Wie sieht der Bildungprozess der perfektiven Verben in der Datenquelle?

1. losgehen
Das Verb ,,losgehen” wird von Adverb ,,los” und Verb ,,gehen” gebildet
(Zusammensetzung).
2. öffnen
Das Verb ,,öffnen” wird von Adjektiv ,,offen” + Umlaut des Stammvokals e/i-
Wechsel gebildet.
offen  öffnen
3. aufstehen
Dieses Verb wird mit dem Präfix ,,auf-” gebildet (durch Präfigierung).
auf + stehen  aufstehen
4. erreichen
Das Verb ,,erreichen” wird mit dem Präfix ,,er-” gebildet (durch Präfigierung).
er + reichen  erreichen
5. kennenlernen
Das Verb ,,kennenlernen” ist ein Zusammensetzung aus den Verben ,,kennen”
und ,,lernen”.

Wie kann man die perfektive Verben in der Datenquelle klassifizieren?

1. losgehen
Im Satz : ,,Bevor es mit dem Verhör richtig losgehen kann, wird der Mann erhängt in
seiner Zelle aufgefunden”.
Im Satz kann man sehen, das Verb ,,losgehen” bedeutet ,,beginnen” (unpersonlich).
Dieses Verb gehört zu ingressiven Verben, weil das Verb den Anfang eines
Geschehens bezeichnet.
2. öffnen
Im Satz : Ich öffne die Tuer.
Der Satz zeigt, dass das Verb ,, öffnen” einen Prozess beschreibt.

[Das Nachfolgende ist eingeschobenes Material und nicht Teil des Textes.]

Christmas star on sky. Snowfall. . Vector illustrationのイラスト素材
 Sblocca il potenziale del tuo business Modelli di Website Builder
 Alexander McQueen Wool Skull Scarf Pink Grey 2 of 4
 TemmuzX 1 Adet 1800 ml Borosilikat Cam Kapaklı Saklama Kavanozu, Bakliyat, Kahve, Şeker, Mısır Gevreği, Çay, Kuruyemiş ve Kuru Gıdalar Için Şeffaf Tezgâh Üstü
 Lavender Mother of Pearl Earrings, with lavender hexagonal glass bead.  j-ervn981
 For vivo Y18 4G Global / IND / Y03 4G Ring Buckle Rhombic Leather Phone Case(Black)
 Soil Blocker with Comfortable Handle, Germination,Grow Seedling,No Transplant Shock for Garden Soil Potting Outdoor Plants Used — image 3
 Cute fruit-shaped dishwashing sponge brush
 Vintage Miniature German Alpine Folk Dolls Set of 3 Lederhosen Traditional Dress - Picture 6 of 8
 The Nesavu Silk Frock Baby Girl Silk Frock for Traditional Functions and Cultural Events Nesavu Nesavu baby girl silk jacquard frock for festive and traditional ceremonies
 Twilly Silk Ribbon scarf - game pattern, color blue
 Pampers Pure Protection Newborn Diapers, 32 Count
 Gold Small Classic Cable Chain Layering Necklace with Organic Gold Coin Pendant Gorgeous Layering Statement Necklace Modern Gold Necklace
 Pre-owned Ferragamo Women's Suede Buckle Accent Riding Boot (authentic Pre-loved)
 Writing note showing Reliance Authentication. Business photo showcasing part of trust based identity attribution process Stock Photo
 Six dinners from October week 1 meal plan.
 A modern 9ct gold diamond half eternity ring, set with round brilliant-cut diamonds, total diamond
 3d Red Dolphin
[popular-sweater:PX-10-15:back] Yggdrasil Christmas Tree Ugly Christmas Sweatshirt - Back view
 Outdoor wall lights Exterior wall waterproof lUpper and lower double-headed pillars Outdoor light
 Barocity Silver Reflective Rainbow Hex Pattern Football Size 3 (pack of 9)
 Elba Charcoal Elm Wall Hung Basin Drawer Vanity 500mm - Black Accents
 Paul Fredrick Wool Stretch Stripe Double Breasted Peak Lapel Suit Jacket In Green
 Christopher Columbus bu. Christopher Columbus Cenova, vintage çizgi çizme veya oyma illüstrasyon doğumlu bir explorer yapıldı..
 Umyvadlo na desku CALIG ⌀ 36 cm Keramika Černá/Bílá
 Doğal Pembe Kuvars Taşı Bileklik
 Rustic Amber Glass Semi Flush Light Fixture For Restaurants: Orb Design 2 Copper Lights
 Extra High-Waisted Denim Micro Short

Das Verb ,, öffnen”
bedeutet : etwas aufmachen oder offen machen. Dieses Verb bezeichnet ein Bewirken
oder Veranlassen, ein Versetzen in einen neuen Zustand, sodass das Verb zu
kausativen Verben gehört.
3. aufstehen
Im Satz : Er steht um 5 Uhr auf.
Das verb ,,aufstehen” bedeutet sich vom Nachtlager (Bett) erheben. Dieses Verb
bezeichnet den Anfang eines geschehens, sodass es ingressive Verben ist.
4. erreichen
Im Satz : Er erreichte den Zug in letzter Sekunde.
Im Satz kann man sehen, das Verb ,,erreichen” bedeutet zu einen Ziel gelangen, seine
Wünsche durchsetzen. Dieses Verb gehört zu egressiven Verben, weil das Verb die
Endphase und den Abschluss eines Geschehens bezeichnet.
5. kennenlernen
Im Satz : Er hat seine Frau am Freitag kennengelernt.
Das Verb ,,kennenlernen” bedeutet : sich mit jemandem bekannt machen. Dieses Verb
beschreibt einen Prozess, die ein Bewirken bzw. Veranlassen, ein Versetzen in einen
neuen Zustand bezeichnet, sodass das Verb zu kausativen Verben gehört.